### TASK MATERIAL
____________________

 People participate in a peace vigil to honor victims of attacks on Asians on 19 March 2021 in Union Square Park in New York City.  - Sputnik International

____________________

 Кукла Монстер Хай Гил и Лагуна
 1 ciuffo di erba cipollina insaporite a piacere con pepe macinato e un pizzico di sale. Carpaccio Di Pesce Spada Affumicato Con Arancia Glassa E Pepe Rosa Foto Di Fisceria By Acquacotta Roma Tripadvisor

____________________

For this task, write out exactly the lines of the entries above, starting at the line with "Кукла Монстер Хай Гил и Лагуна" and ending at the line with "1 ciuffo di", both included, and no others.

 Кукла Монстер Хай Гил и Лагуна
 1 ciuffo di erba cipollina insaporite a piacere con pepe macinato e un pizzico di sale. Carpaccio Di Pesce Spada Affumicato Con Arancia Glassa E Pepe Rosa Foto Di Fisceria By Acquacotta Roma Tripadvisor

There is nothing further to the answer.